Global warming, ships and boats coming aground, careless divers and natural diseases are threatening coral reefs globally at an alarming rate and the fragile reefs off the coast of Florida are no difference. In a recent article in the Miami Herald, the topic of whether or not human involvement can help make these reefs more resilient to climate and human factors.
This week the the U.S. Coral Reef Task Force meets in Fort Lauderdale to see what, if anything can be done. The task force is a a multi-agency, multi-state group has the goal to protect some of the most important and threatened habitats in the world. The Florida reefs may seem vibrant to visitors but looking back 10 or 20 years ago and they will pale in comparison.
The team is contemplating a “reef resilience’’ program that is being looked at in the Florida Keys National Marine Sanctuary, where the focus shifts from just monitoring sick or dying corals to doing more to try and save the reefs.
“What we’re trying to do is help nature help itself,’’ said Chris Bergh, director of coastal and marine resilience for The Nature Conservancy, who coordinates a program that includes federal, state and university researchers as well as environmental and diver groups “What we can do is give coral reefs more time by trying to reduce the stresses we can control.
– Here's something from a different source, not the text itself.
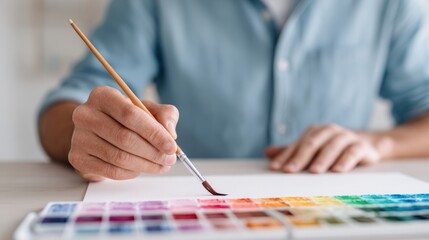 Artist's hand holding a paintbrush, creating a colorful watercolor painting on a blank canvas, surrounded by vibrant paint palettes and artistic tools, showcasing creative expression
We need to do this as quickly as possible.’’
These steps go from curtailing the human impact — creating sanctuary barriers, controlling sewage and pollution runoff into reefs, clumsy divers, errant anchors, fishing mishaps and more — to using propogation techniques to increase the populations and research more about these corals genetically. One goal is to try and make corals tougher to the environmental changes and influences.
“There are challenges to being sort of like a Johnny Appleseed, if you will,’’ Scott Donahue, the John Pennekamp Coral Reef State Park chief scientist, said. “It sort of boils down to this: If we do nothing, we will definitely fail.’’
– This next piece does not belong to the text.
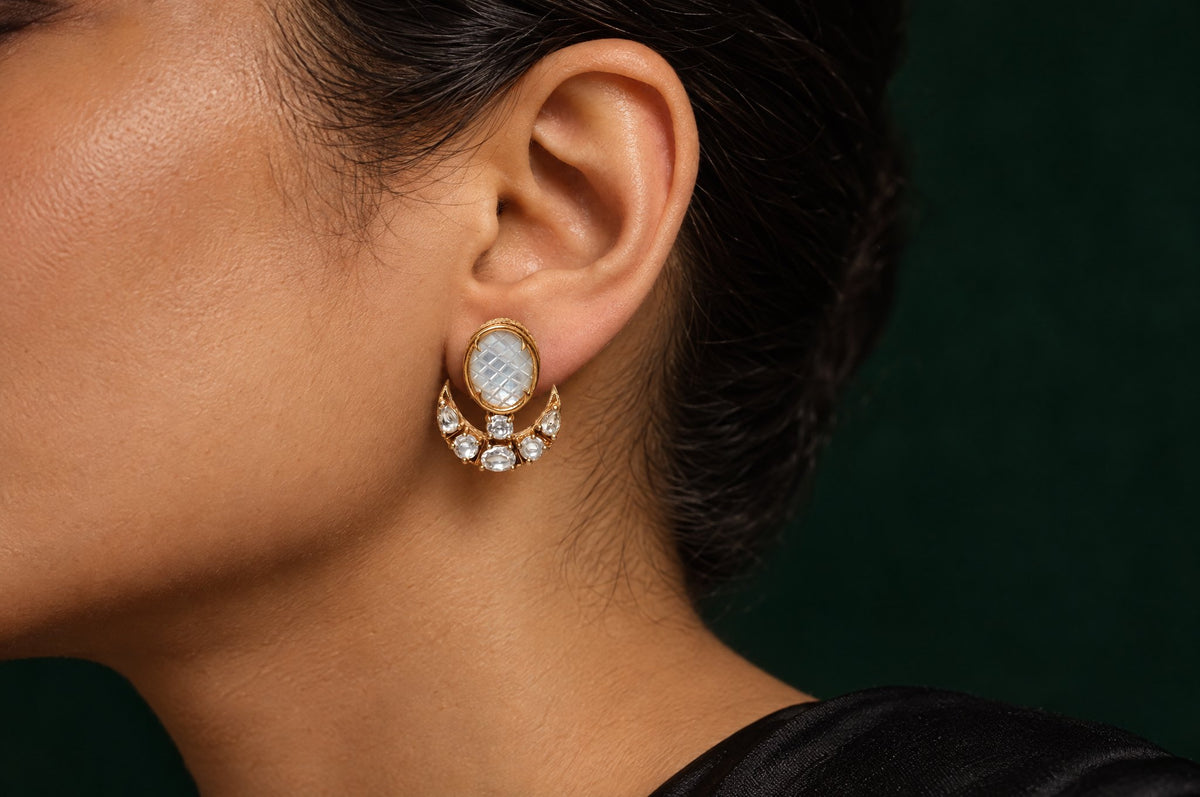 Model wearing the Pratha Moissanite Chandraphool Pearl Earrings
Gene Shinn, a retired geologist with the U.S. Geological Survey who pioneered studies of coral growth rates off South Florida, said he’s been impressed by the success of coral nurseries, but remains skeptical that resilience efforts can make much of a difference.
There are simply too many pieces of the puzzles missing, said Shinn, who began diving off South Florida as a teenaged spear fisherman and has chronicled the decline with an extraordinary series of photos dating to the late 1950s. One set shows a brain coral the size of Volkswagen in 1959, withering and all but dead by 1998.
Scientists and researchers may not agree on the exact causes of the declines of corals in these reefs but they can all agree the loss of reefs are devastating to the fragile marine ecosystem. As agencies take a closer look at what can be done, science is still scrambling for more concrete answers. We are hoping the strides we have taken as aquarists and the discoveries we’ve found in our systems can somehow translate to saving coral reefs.